Saturday, August 19, 2017


Oh, look..... More rain.....
Very few girls took computing A-level.

By Jane Wakefield, Technology reporter for BBC News

17 August 2017

A worrying statistic for the tech industry was revealed in freshly-released A-level data - only 9.8% of those completing a computing course were girls. It comes amid a storm in Silicon Valley over the number of women employed in the tech industry. Experts agree that the world faces a digital skills shortage and that a more even gender balance is crucial. One industry body worried that too few boys were also choosing the subject.

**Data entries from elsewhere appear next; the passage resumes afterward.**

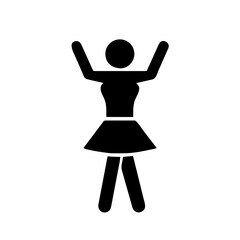 Dance Icon - Elegant Vector Illustration of Dancer Symbol for Performing Arts, Entertainment, and Events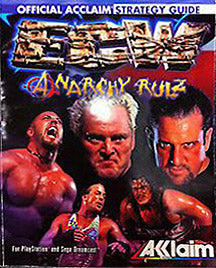 Official Acclaim Strategy Guide ECW Anarchy Rulz 2000 magazine PWcatalog
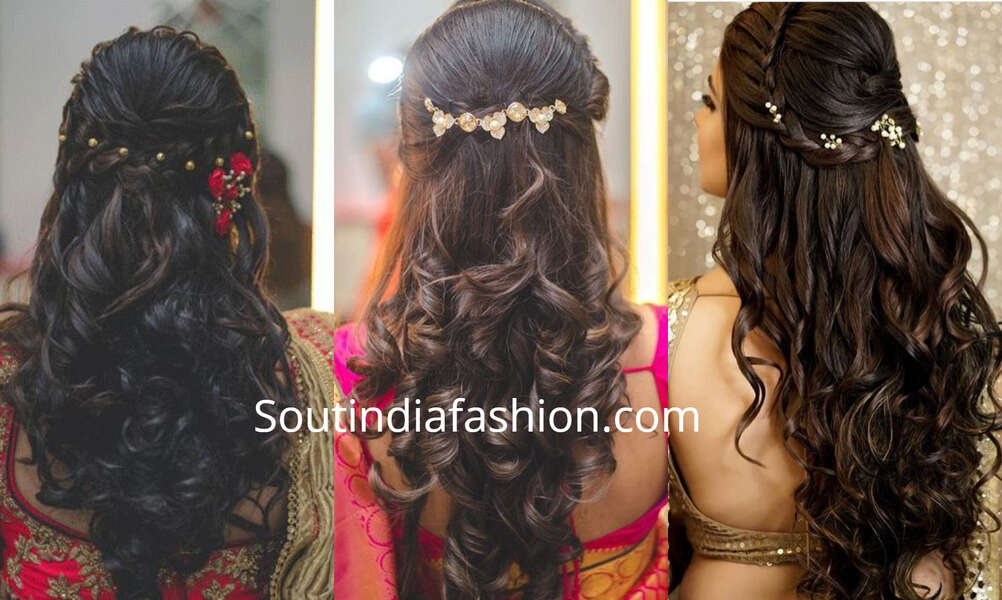 Wedding Reception Hairstyles Trending In Indian Weddings  WedMeGood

"Today's announcement that nearly 7,600 students in England took A-level computing means it's not going to be party time in the IT world for a long time to come," said Bill Mitchell, director of education at the IT Chartered Institute, BCS. He said that it fell well short of the 40,000 level that "we should be seeing". But he added that the fact so few girls were taking the subject was particularly worrying. "At less than 10%, the numbers of girls taking computing A-level are seriously low. We know that this a problem starting at primary school and it's something that we need to address at all levels throughout education. As a society, we need to make sure that our young women are leaving education with the digital skills they need to secure a worthwhile job, an apprenticeship or go on to further study." The figures, from the Joint Council for Qualifications (JCQ), are not all bad news. They reveal that there has been a 34% rise in the number of female students sitting the computer science exam, up to 816 from 609 in 2016.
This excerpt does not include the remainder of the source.